(Directions)
What is needed is an exact transcription of the line with "5480 Cathay Road, Richmond, BC" and all the lines that follow it in the entries below; add nothing else.

———

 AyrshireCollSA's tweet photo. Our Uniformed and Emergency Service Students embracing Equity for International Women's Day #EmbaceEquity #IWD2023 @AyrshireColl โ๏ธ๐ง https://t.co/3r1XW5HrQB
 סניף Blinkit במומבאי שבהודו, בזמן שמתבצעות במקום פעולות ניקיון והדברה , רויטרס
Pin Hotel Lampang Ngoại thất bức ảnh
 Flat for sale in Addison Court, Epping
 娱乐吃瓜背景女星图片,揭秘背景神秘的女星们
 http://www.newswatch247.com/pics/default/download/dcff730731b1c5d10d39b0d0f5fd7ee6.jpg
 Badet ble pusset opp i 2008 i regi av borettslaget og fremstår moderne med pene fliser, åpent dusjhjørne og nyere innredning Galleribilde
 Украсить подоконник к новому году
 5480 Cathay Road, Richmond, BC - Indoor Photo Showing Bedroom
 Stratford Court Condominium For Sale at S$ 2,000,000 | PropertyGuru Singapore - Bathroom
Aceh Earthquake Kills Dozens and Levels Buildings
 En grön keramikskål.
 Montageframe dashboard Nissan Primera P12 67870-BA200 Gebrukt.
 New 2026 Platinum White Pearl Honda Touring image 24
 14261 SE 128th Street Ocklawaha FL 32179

———

(Reply to the exercise)
 5480 Cathay Road, Richmond, BC - Indoor Photo Showing Bedroom
 Stratford Court Condominium For Sale at S$ 2,000,000 | PropertyGuru Singapore - Bathroom
Aceh Earthquake Kills Dozens and Levels Buildings
 En grön keramikskål.
 Montageframe dashboard Nissan Primera P12 67870-BA200 Gebrukt.
 New 2026 Platinum White Pearl Honda Touring image 24
 14261 SE 128th Street Ocklawaha FL 32179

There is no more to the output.